Neoserica luzonica

Scientific classification
- Kingdom: Animalia
- Phylum: Arthropoda
- Clade: Pancrustacea
- Class: Insecta
- Order: Coleoptera
- Suborder: Polyphaga
- Infraorder: Scarabaeiformia
- Family: Scarabaeidae
- Genus: Neoserica
- Species: N. luzonica
- Binomial name: Neoserica luzonica Moser, 1915

= Neoserica luzonica =

- Genus: Neoserica
- Species: luzonica
- Authority: Moser, 1915

Species of beetle

Neoserica luzonica is a species of beetle of the family Scarabaeidae.
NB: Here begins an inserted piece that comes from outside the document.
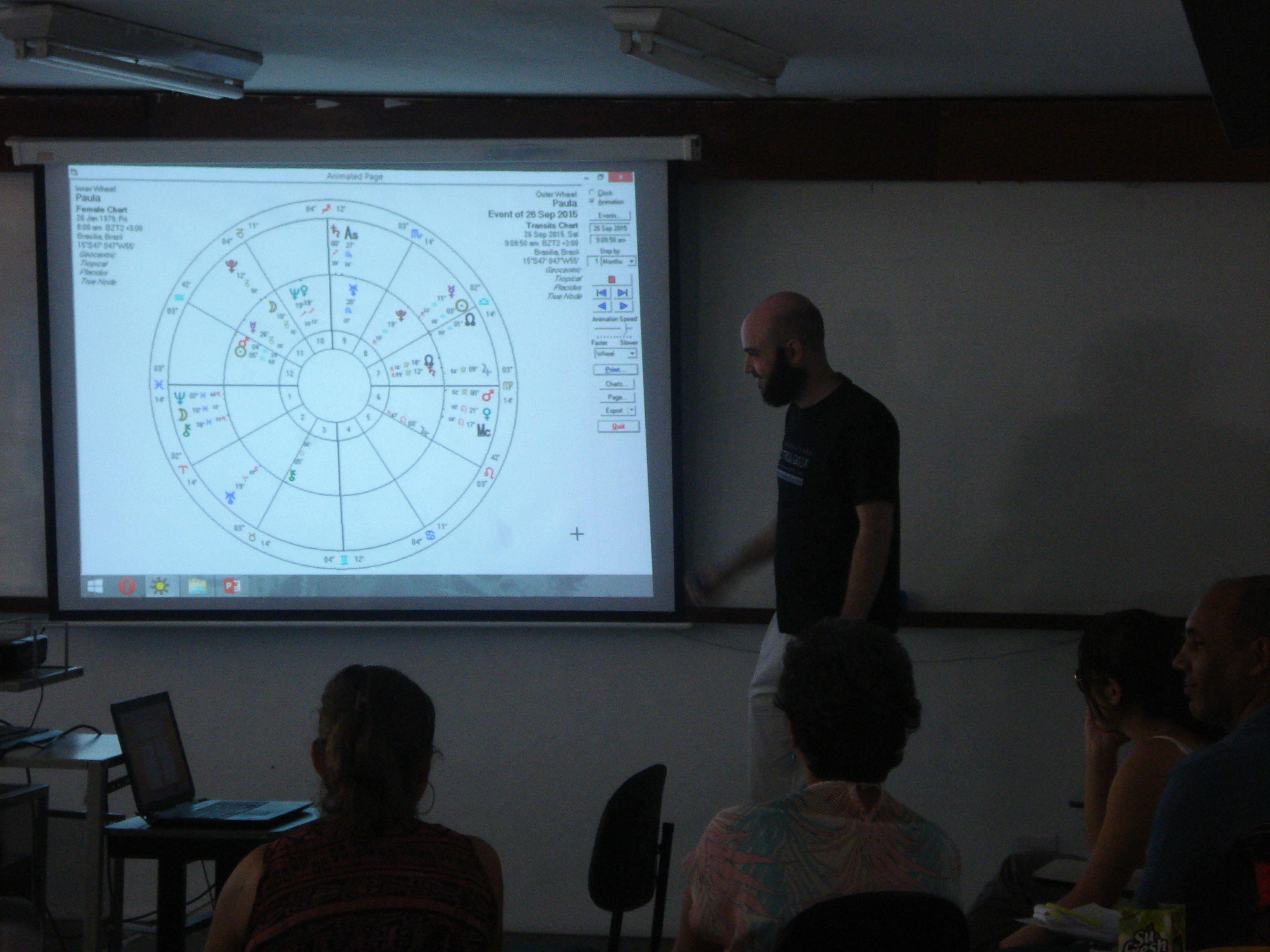 Curso de Astrologia 2014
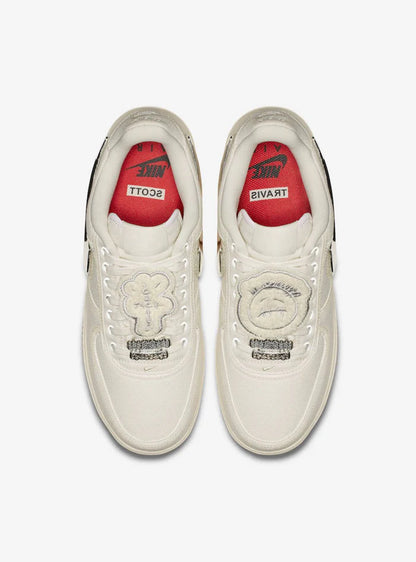 Nike Air Force 1 Low Travis Scott Sail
It is found in the Philippines (Luzon).

==Description==
Adults reach a length of about 7.5–8 mm. The colour and shape is similar to Neoserica setiventris, from which it differs in that each abdominal segment has only one row of setae. The head is fairly densely covered with weak punctures and has isolated setae. The antennae are brown. The pronotum is quite densely covered with fine punctures, which (as well as the punctures of the elytra) have very tiny setae. The lateral margins of the pronotum have strong setae. The elytra are very slightly longitudinally furrowed and covered in stripes with irregular rows of punctures, while the spaces between them are almost without punctures.